I am also in similar fix. I am currently on tier2 ict short term visa valid until august 2013 and my spouse is on tier2 general. I want to come back on tier 2 general dependent (dependent on my spouse's visa). Does the cooling period apply to me if I switch before/after Aug 2013? Can I work on the dependent visa after coming back without worrying about any cooling period?

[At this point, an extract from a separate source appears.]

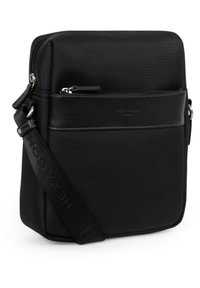 Borsa a tracolla nera realizzata in nylon texture con tracolla in pelle liscia. Presenta una tasca con zip e una tracolla regolabile per maggiore comodità.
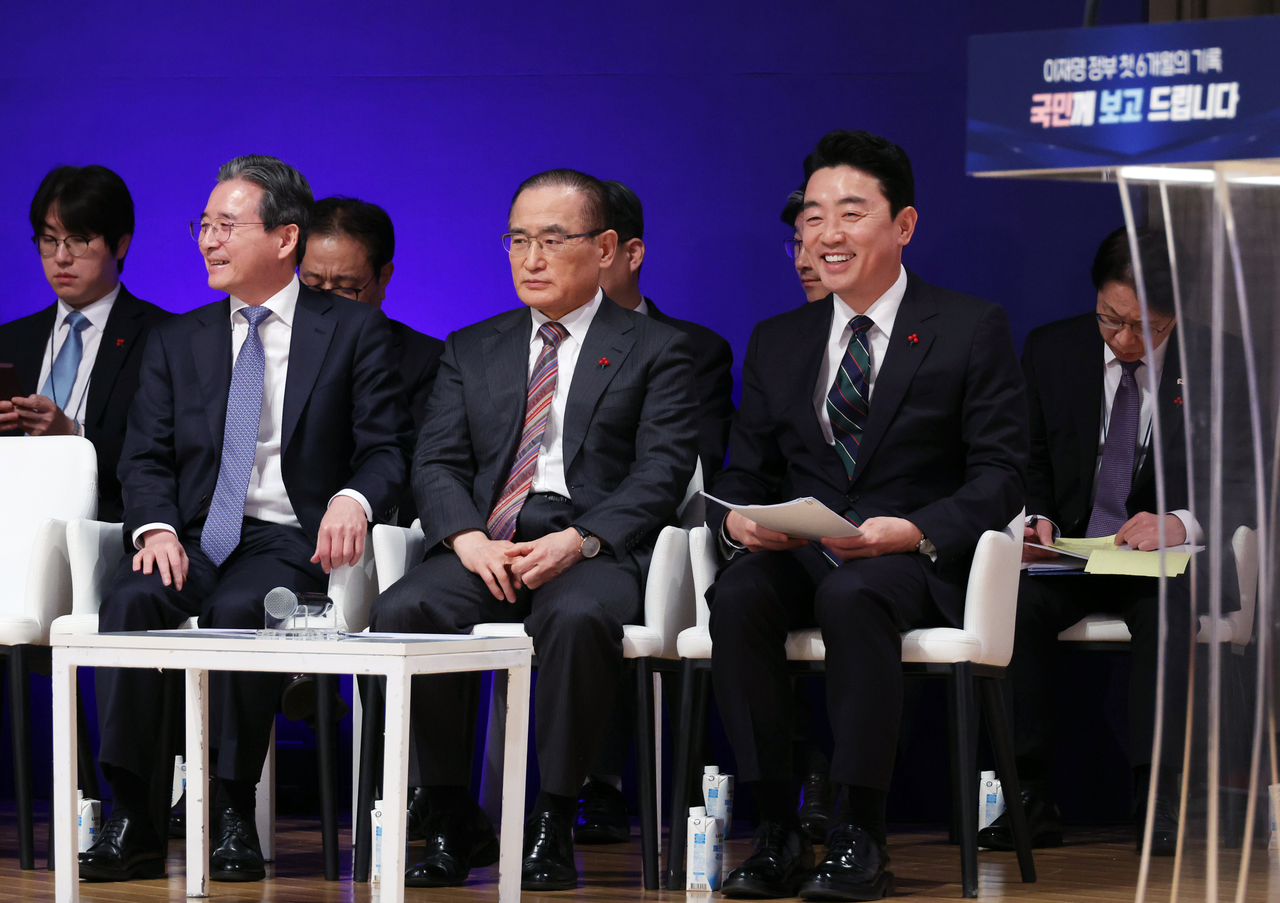 (From R to L) Presidential chief of staff Kang Hoon-sik, National Security Adviser Wi Sung-lac and presidential chief of staff for policy Kim Yong-beom attend a press briefing marking six months of the President Lee Jae Myung administration, held at the presidential office in Seoul on Sunday. (Yonhap)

I was wondering if you got any reply to your post above or how did you go about it.


- diffindo


----------



## hechesspee (Mar 22, 2012)

diffindo said:


> Hi,
> 
> I am also in similar fix. I am currently on tier2 ict short term visa valid until august 2013 and my spouse is on tier2 general. I want to come back on tier 2 general dependent (dependent on my spouse's visa). Does the cooling period apply to me if I switch before/after Aug 2013? Can I work on the dependent visa after coming back without worrying about any cooling period?
> 
> ...


Hi,
I came back to UK as a dependent of my wife who was on Tier2 General Visa within 3 moths after my Tier 2 ICT visa ended. The cooling off applies only for the same visa category.
And yes, you can work if you are as a dependent.
Hope this helps,

Cheers
hechesspee


----------



## diffindo (Feb 16, 2013)

Hey,

Thanks for the quick response !
That really helps.

Cheers


----------



## illuminati1 (Jul 2, 2013)

hechesspee said:


> Hi,
> Currently I'm in UK in Tier-2 ICT Short term which is going to end on 26-Apr-2012. I have a couple of questions
> 
> 1) I understand that I cannot come back again in the same VISA category for next 12 months. However, once I go back can I come on Tier-2 ICT Long Term Staff? Is there any minimum waiting period for the same?
> ...



Hi- 
Regarding 2) Please can you advise if one with Tier 2 long ICT dependent visa can apply for Tier 2 general within UK and also before expiry of Tier 2 ICT dependent visa.

Also Can one switch from tier 2 ICT to tier 2 general dependent while in UK and before the expiry of long term ICT.

Thanks


----------